LOEWEN: Woe Canada, what has he done to you?

Image Credit: Contributed/Jeffrey Loewen
June 25, 2014 - 7:11 AM

“You won’t recognize Canada when I get through with it.”

Prime Minister Stephen Harper’s 2006 election boast continues to echo in my head, more than eight long years after he uttered it. I can’t shake it, folks. His promise has become the political earworm that returns on the path of an ill-wind blowing in daily from the Nation’s capitol and I am powerless to make it stop.

You see, PM Harper was right: I don’t recognize Canada anymore. Do you? He has brought such radical change to Canada over his eight-year tenure as the country’s leader that I am beginning to have trouble even remembering what life in Canada before Stephen Harper felt like.

Granted, not everything was hunky dory before Stephen Harper whipped his new-fangled Reformatories into muzzled shape. Sure, we all tired of the abject corruption of the Jean Chretien-led Liberals. And before the Chretien dynasty, we shook our heads at the corruption and free-wheeling deal-brokering of the Brian Mulroney-led Progressive Conservatives.
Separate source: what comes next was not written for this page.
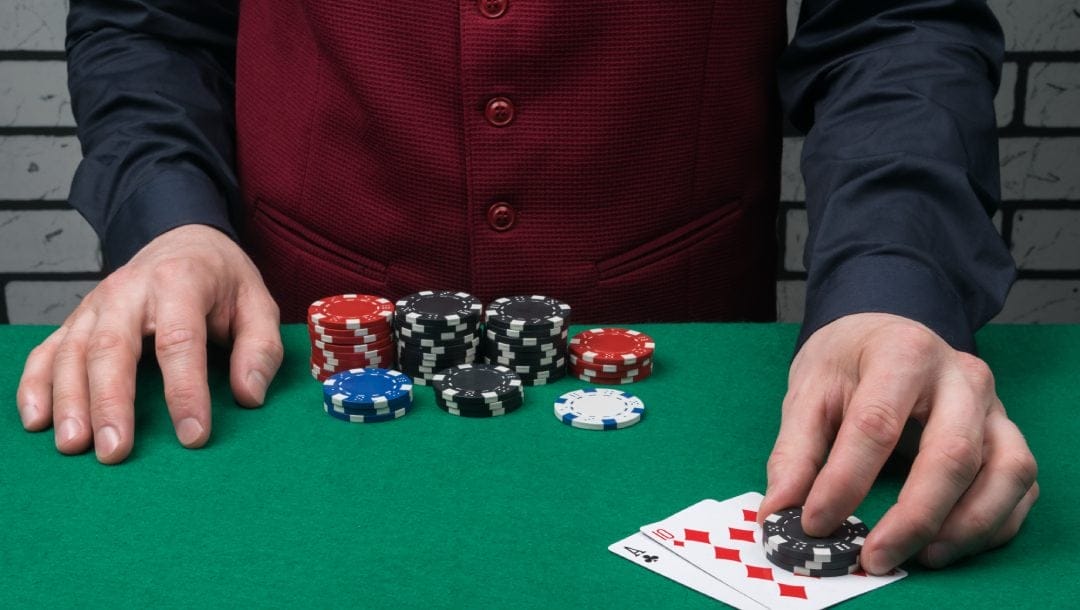 A casino dealer touching black casino chips and two playing cards.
But I don’t think we ever questioned whether our political leaders shared a certain vision of Canada with the majority of the electorate. I don’t think we ever wondered if our leaders loathed the very electorate that put them into office.

Fast forward to the present day and you’ll note some changes.

A couple decades ago Canada enjoyed a sterling reputation. We were welcomed to the UN with an envied seat on the Security Council. Internationally, the World community eyed Canada as a kinder and gentler version of our neighbours to the south. Canada stood as a beacon for fair-mindedness, international co-operation, as counselors for diplomacy before war. Our public education and our healthcare systems were seen as exemplars to be emulated. Our banks were solid and our prospects for the future looked pretty bright.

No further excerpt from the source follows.